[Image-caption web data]
══════

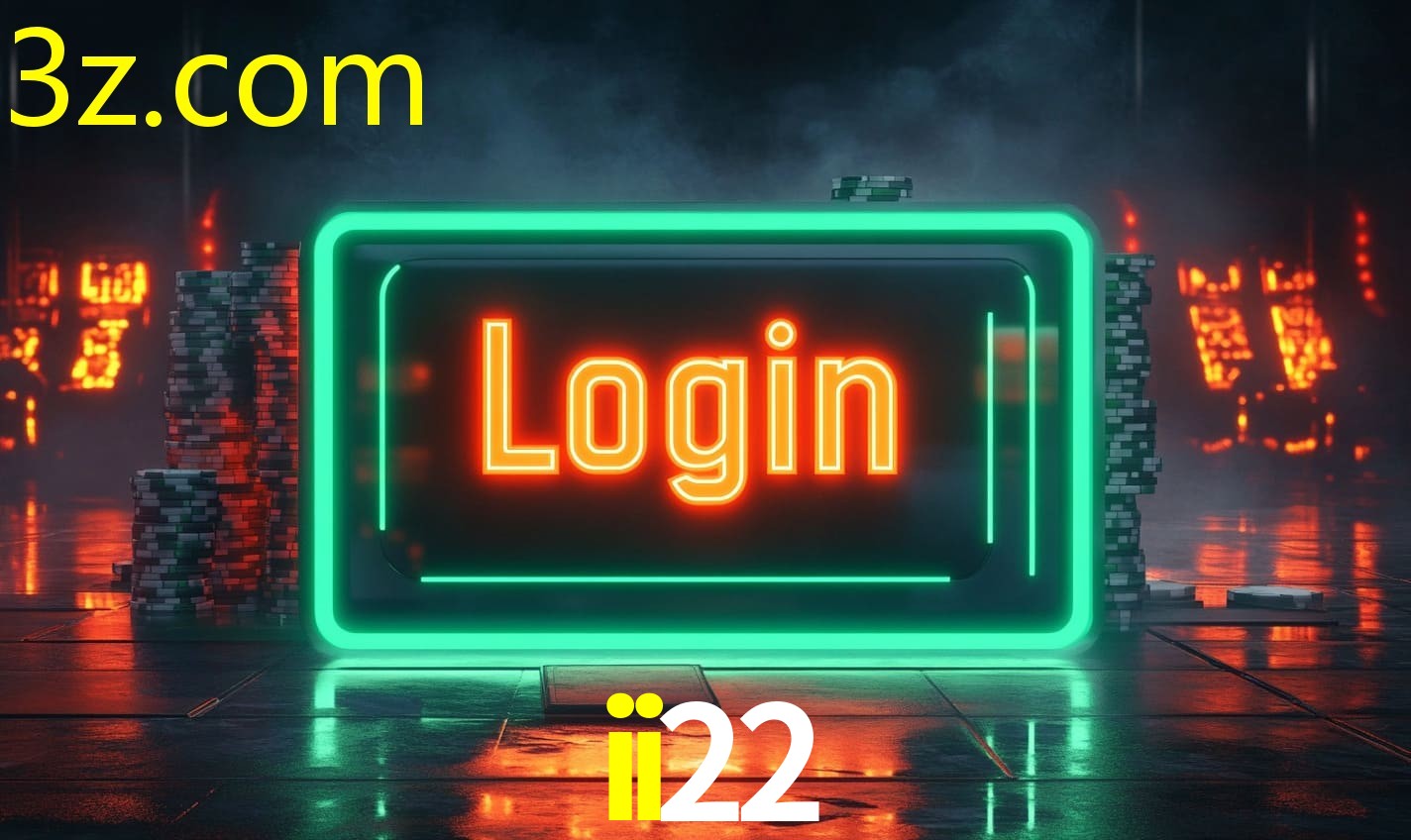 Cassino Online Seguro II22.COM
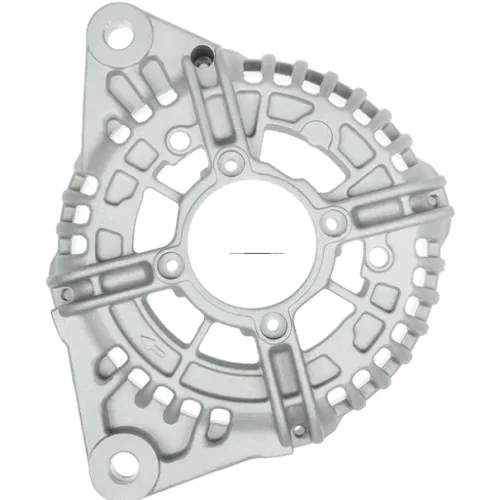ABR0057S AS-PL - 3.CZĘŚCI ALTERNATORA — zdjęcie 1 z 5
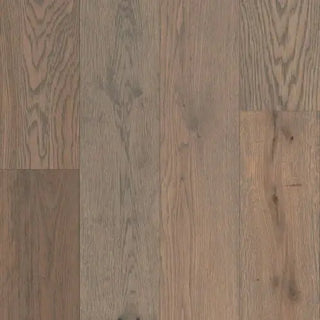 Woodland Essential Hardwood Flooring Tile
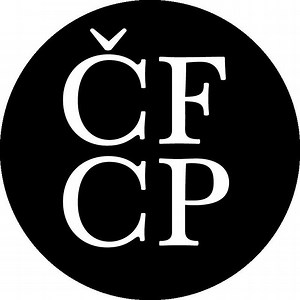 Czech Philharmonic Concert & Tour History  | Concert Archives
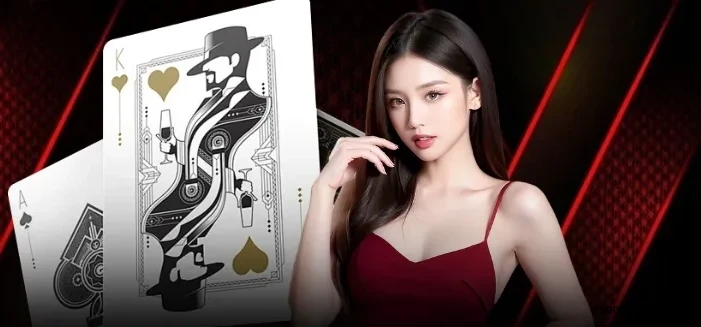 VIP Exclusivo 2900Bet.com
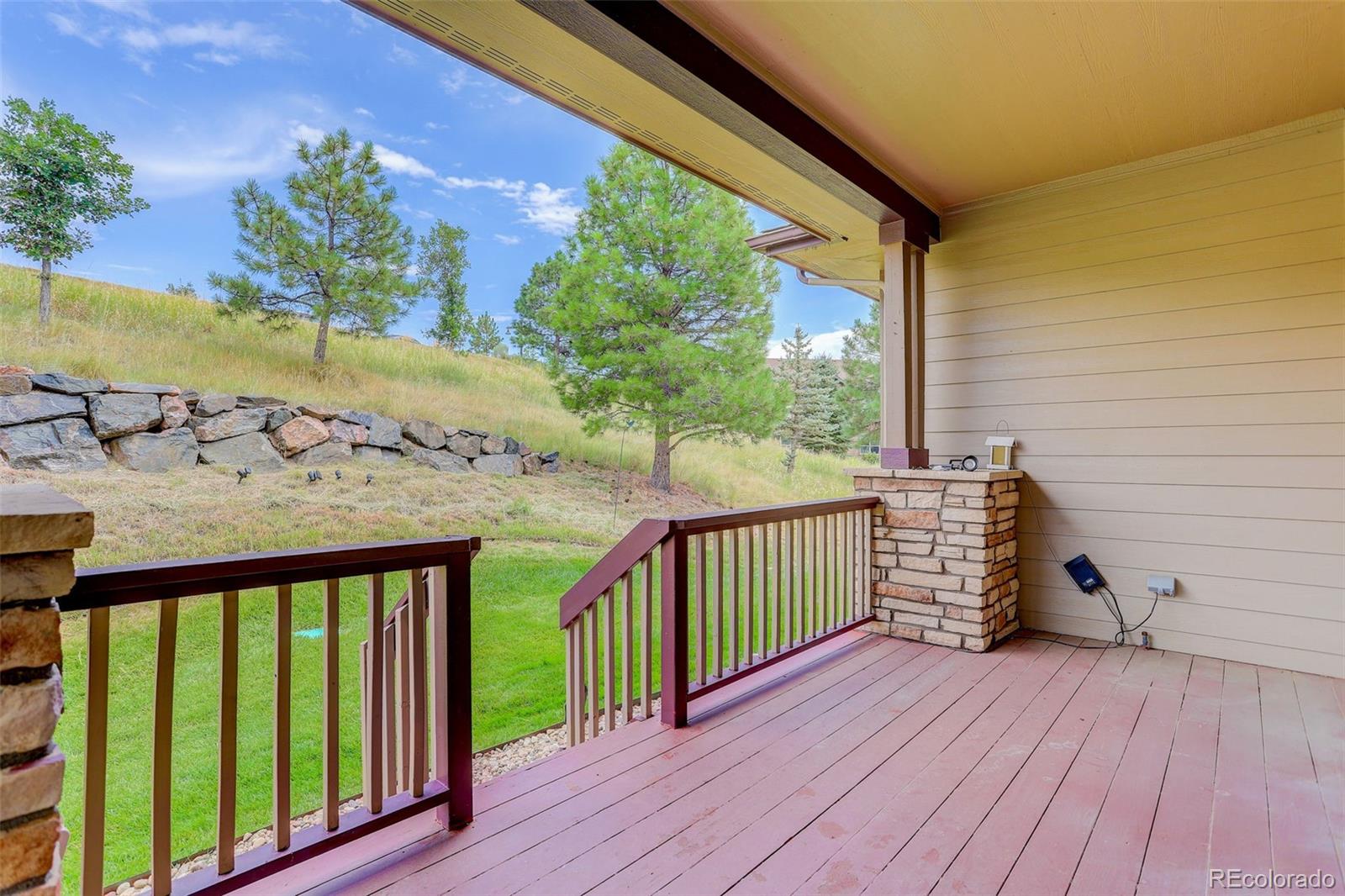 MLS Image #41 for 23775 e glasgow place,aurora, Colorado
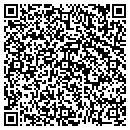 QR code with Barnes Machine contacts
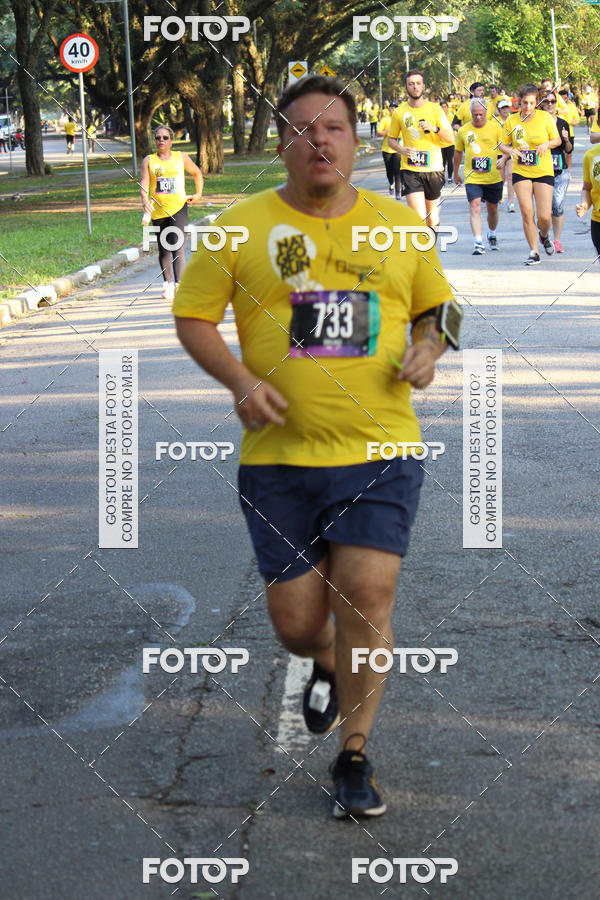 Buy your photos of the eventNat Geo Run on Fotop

══════

To do -> With images left out, the data must be transcribed exactly.

Exercise result ->
 Cassino Online Seguro II22.COM
ABR0057S AS-PL - 3.CZĘŚCI ALTERNATORA — zdjęcie 1 z 5
 Woodland Essential Hardwood Flooring Tile
 Czech Philharmonic Concert & Tour History  | Concert Archives
 VIP Exclusivo 2900Bet.com
 MLS Image #41 for 23775 e glasgow place,aurora, Colorado
 QR code with Barnes Machine contacts
 Buy your photos of the eventNat Geo Run on Fotop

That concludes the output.